Are they bound by contract not to offer a discount for casher buyers?
I ask because when I was in Germany (and, granted, this was a few decades ago) you got some percent off the price if you paid cash. Merchants there seemed pretty credit-card averse.
They used to be but the law was changed to make it illegal for the card companies to demand that they don’t offer a cash discount (or charge more for credit). Smaller businesses are doing that more and more since the pandemic to try to hold to their prices as long as they can.
Big companies do a similar thing by offering you a store card. Costco likely makes more money from you when you pay with your Costco card than if you pay cash, because they get the interchange fee very very low and have to pay to handle cash. Rumor was AMEX was eating the interchange fee AND paying them … because they more than made it up by the customers who made the card Top Card.
In the EU, the opposite of this happened: the EU directive PSD2 made it illegal for merchants to apply surcharges on purchases using consumer credit and debit cards from early 2018.

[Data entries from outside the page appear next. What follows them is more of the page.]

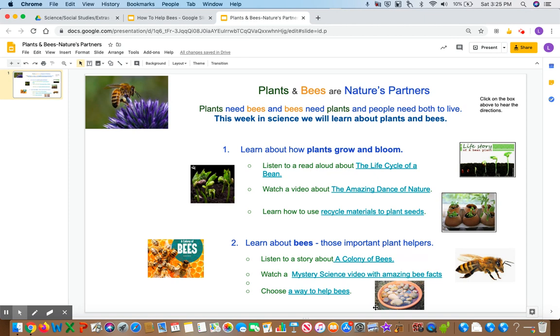3. Watch a mystery science video with amazing bee facts. 4. Choose a way to help bees.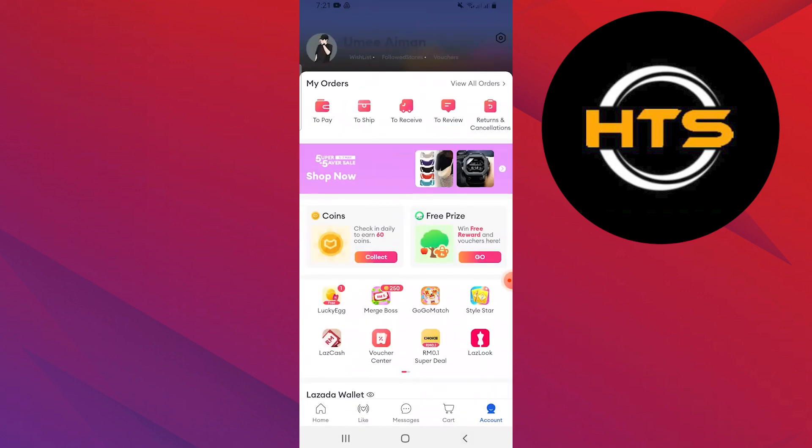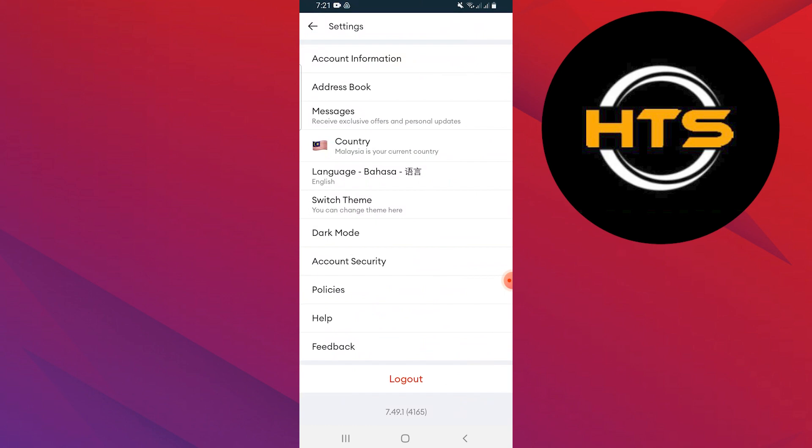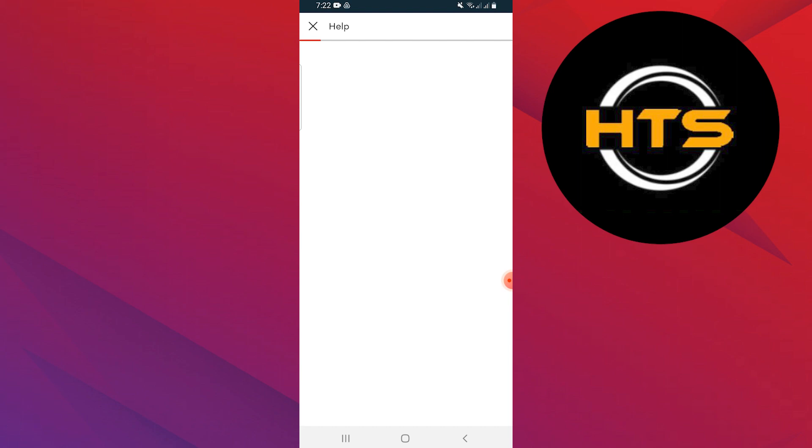Alternatively, you can go back to the account and tap on the Settings icon in the top right corner. Here, tap on Help. On this page, you will find all the instructions to return your item.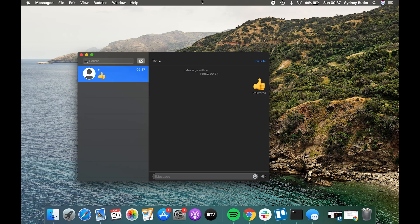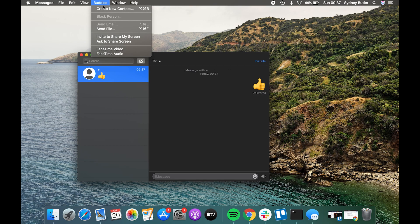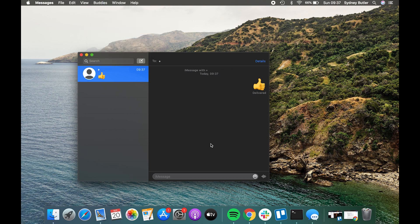Now you can choose from 'Invite to share my screen' and 'Ask to share screen.' You can also find the screen sharing option right on top of the chat — click on the recipient name and choose to share your screen from the drop-down menu. Another way is through the Apps ribbon menu: at the top of the screen, choose Buddies from the menu. There you will find the same invite and ask options. When you click one, the other person will get a request pop-up and can choose to accept or decline. Then you can continue your video call.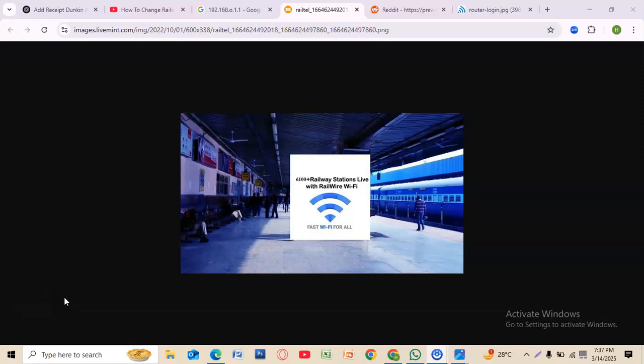Looking to change your regular WiFi password, whether for security reasons or just to update it? Here's a simple step-by-step guide to how to do it quickly.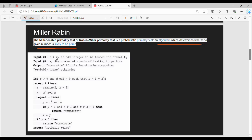The input is n greater than 2, and it is an odd integer. I will explain with the example n equals 13. Input 2 is k — k is the number of rounds or iterations. If you run k=100, 200, or 500 rounds, then the Miller-Rabin algorithm result is more correct. For simplicity, k equals 1, so the number of rounds is 1.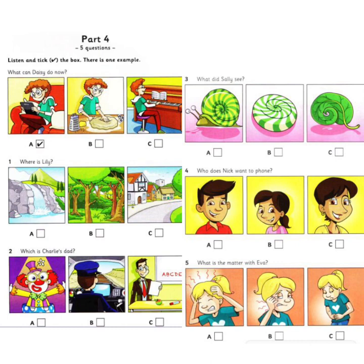Can you see the tick? Now you listen and tick the box.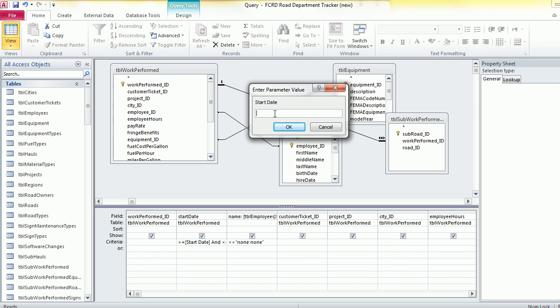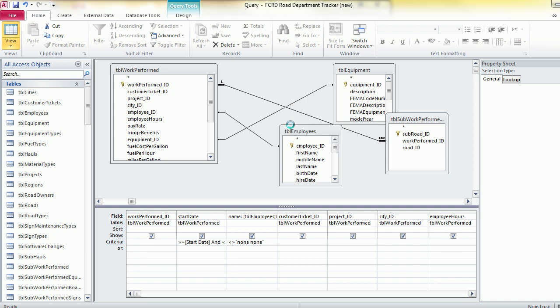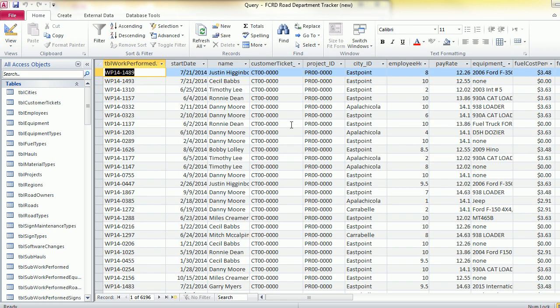It's going to ask me for a date and I'm going to say one two thousand and fourteen and say okay and then ask me for the end date. Say okay and it should give me all my records within those dates and it does.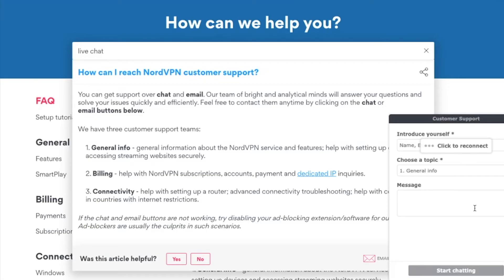I'll be using NordVPN until I return to the States and then cancel. It's important — if you want to visit or live in China, you need a VPN and you need to install it before you arrive, because if you go to China without one and you don't know any foreigners, you'll be out of luck.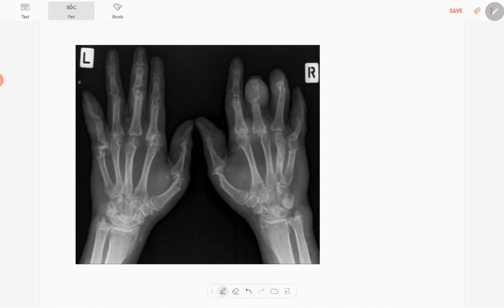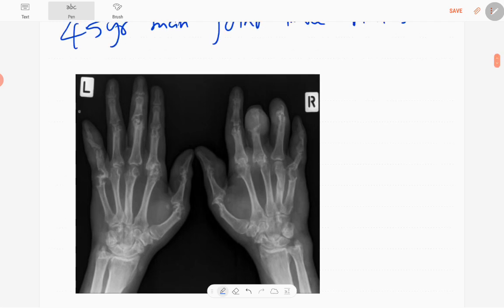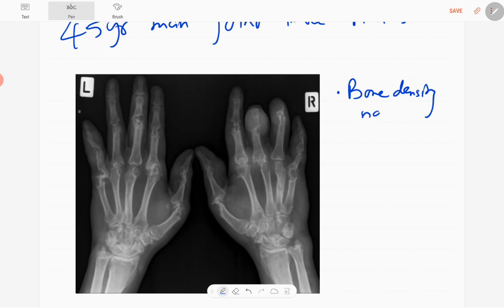In this patient you can see multiple abnormalities in the joints. Bone density is normal and the trabecular pattern is also normal.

I thought this was a UK govt being stupid thing. So it was the EU to blame!
Given what this article says, it sounds as though not only are cash buyers cross-subsidising card buyers, but non-rewards card buyers are cross subsidising rewards card buyers.
I'm told cash is actually more troublesome for merchants than electronic means, especially as more transactions become cashless. They have to pay for keeping change, physical security, transport of takings, bank cash processing fees, etc. Given the EU/UK caps electronic interchange fees to something reasonable, it may even be card buyers are cross-subsidizing cash buyers in some businesses.
(If you pay cash, the business owner can just pocket the money without ever recording the transaction. For digital payments, this is much harder to do undetected.)
Where I live there's a mom and pop (well, mom and daughter) shop that sells relatively expensive clothes. They stopped accepting Amex because fees were too high, yet they basically apply a 5-10% discount by default if you spend enough...
All the CC contracts I have ever seen only prevented you from discriminating against a particular card/brand if you took credit cards. You could offer a cash discount as a policy, but you couldn't charge AMEX holders an extra 1%, as an example.
They can do it now. In the past you had to offer same prices, although you could negotiate.
It’s usually motivated more by mom and pops skimming taxes than 3% credit card fees. If you do any kind of volume, there isn’t a ton of savings as cash management ain’t free.
The electronic equivalent is people who take personal Venmo at retail.
It's pretty expensive to take cash. First, you have to keep a float of money for change. Then you have to secure the cash until you deposit it in the bank. Then sink some time into counting and depositing it, before being charged by your bank for depositing cash. That must very quickly add up to a percentage point or 2.
The issue is that these costs of handling cash are largely fixed - marginally, if your store takes $100 in cash, your cash-handling expenses and effort stay the same, but if you take $100 by card, your fees directly increase. You avoid the expenses of handling cash only if you don't take cash at all.
Where I live it'd used to be possible to get a discount if you paid cash but it was deemed discriminatory against card holders and so it was banned. It's the same price regardless of payment method.
It removes the incentive for clients to use cash if a card option is available, makes them more used to paying by card, and hence decreases the competitiveness of merchants that don't offer card at all - until cards become so wide spread that many merchants don't even accept cash at all, like where I live.
A bit hostile towards merchants, but very nice for consumers imo.
I spend primarily on credit cards but I still think it’s important to preserve the ability to transact without the government knowing. Privacy is best preserved when data is not created at all, rather than when data is protected by law.
Which is the reason the cut is now capped and card acceptance is higher, even for credit cards (0.3% for cc, 0.2% for dc). Though low-margin businesses like grocery store still don't accept them (credit cards) due to the marginally higher fees in some countries.
I ask because when I was in Germany (and, granted, this was a few decades ago) you got some percent off the price if you paid cash. Merchants there seemed pretty credit-card averse.